------ Task input ------

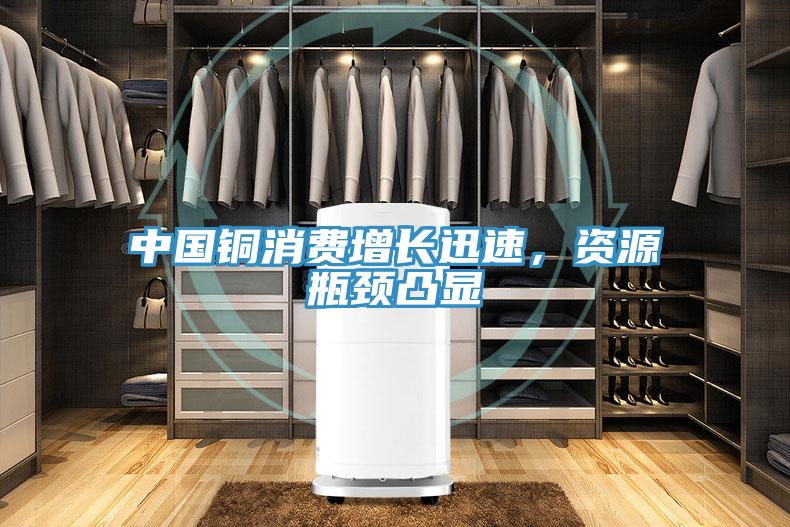 中國銅消費增長迅速，資源瓶頸凸顯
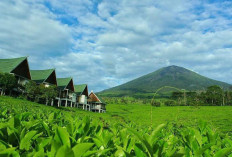 Pagar Alam Surga Tersembunyi di Sumatera Selatan yang Menawan Hati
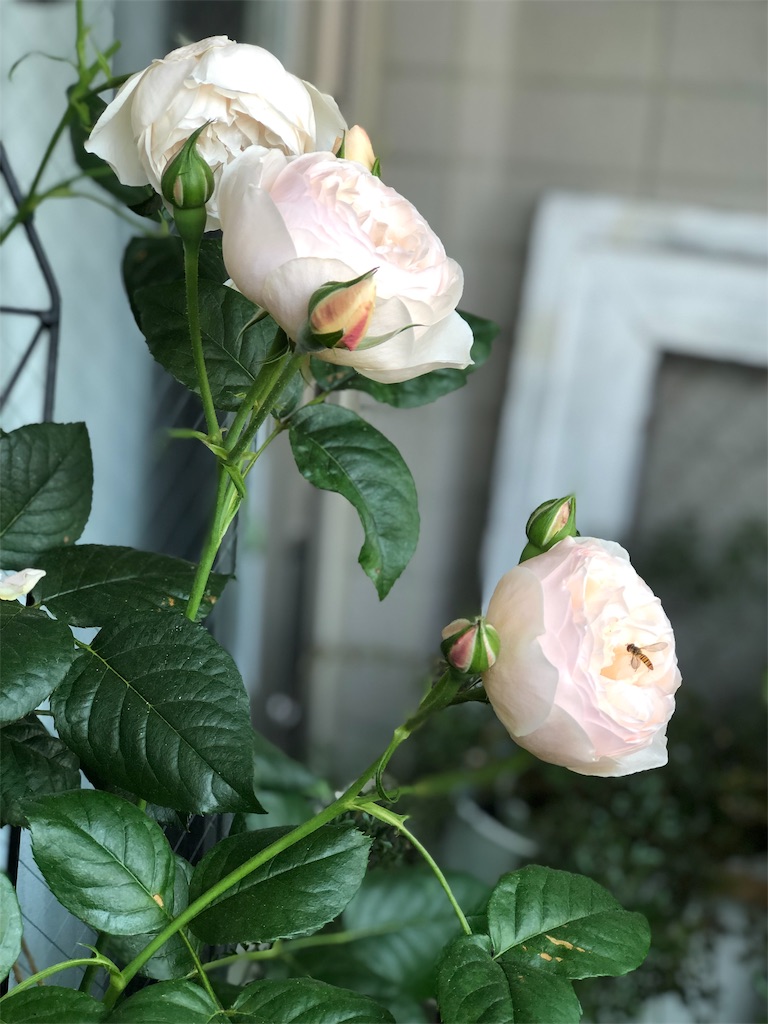f:id:tef_rose:20190513212656j:image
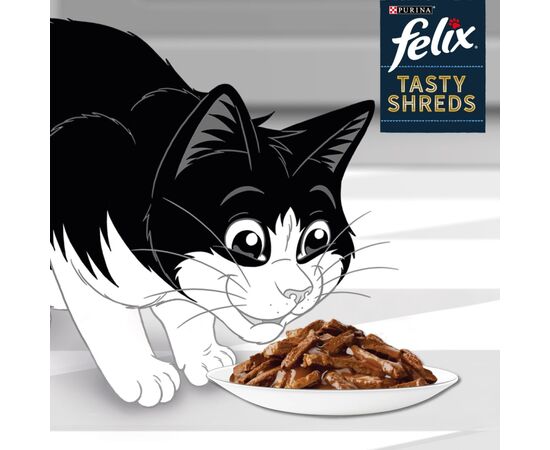 PURINA NESTLE FELIX TASTY SHREDS WITH BEEF AND CHICKEN - 4X 80G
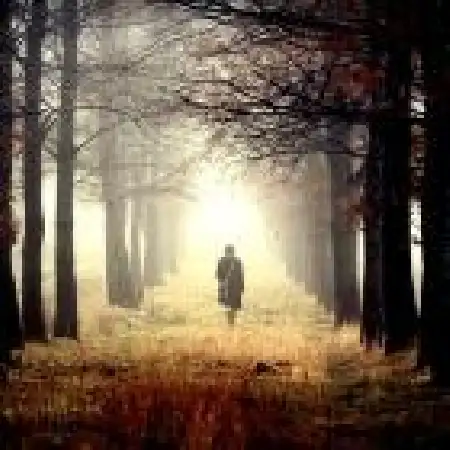 دانلود آلبوم تک اهنگ ها از امین شیرین نیا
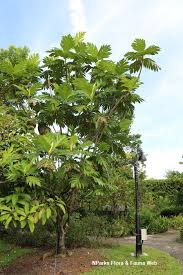 Image result for Artocarpus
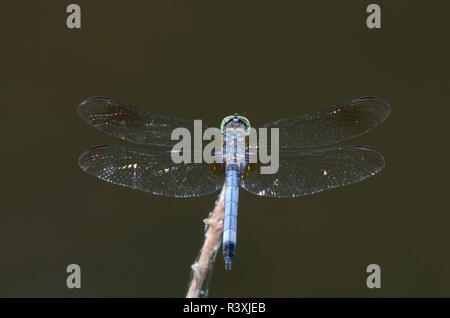 Blue Dasher, Pachydiplax longipennis, homme Banque D'Images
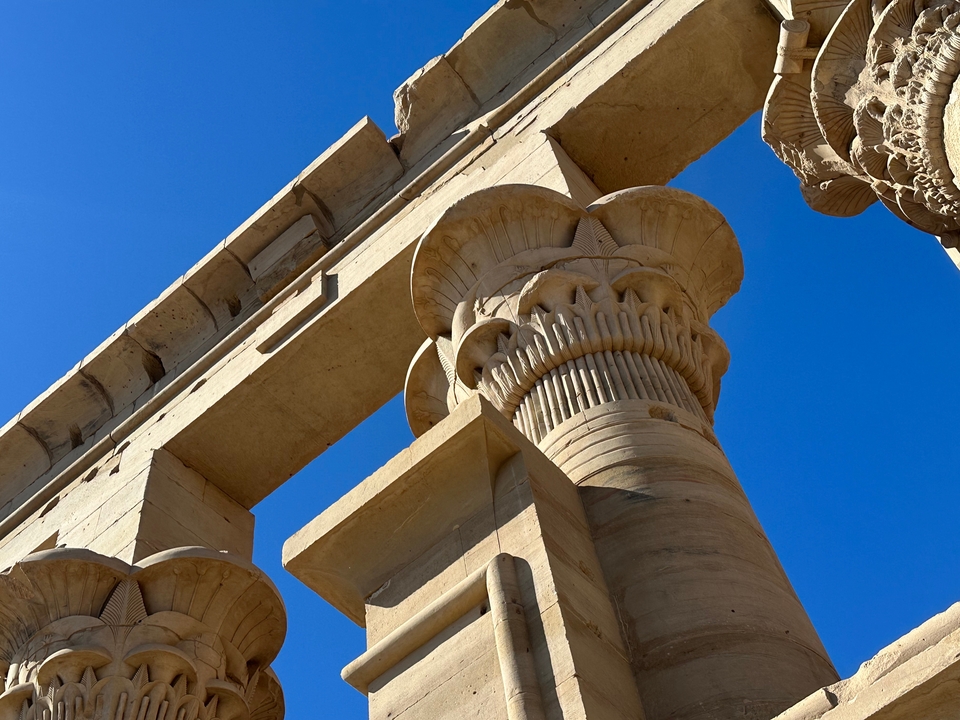 Vue rapprochée de colonnes égyptiennes antiques aux sculptures complexes.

------

[Exercise]:
What is needed is every line from the one with "دانلود آلبوم تک اهنگ ها از امین شیرین نیا" to the final line of the listing above, set down exactly and with the pictures left out.

[Written solution]:
 دانلود آلبوم تک اهنگ ها از امین شیرین نیا
 Image result for Artocarpus
 Blue Dasher, Pachydiplax longipennis, homme Banque D'Images
 Vue rapprochée de colonnes égyptiennes antiques aux sculptures complexes.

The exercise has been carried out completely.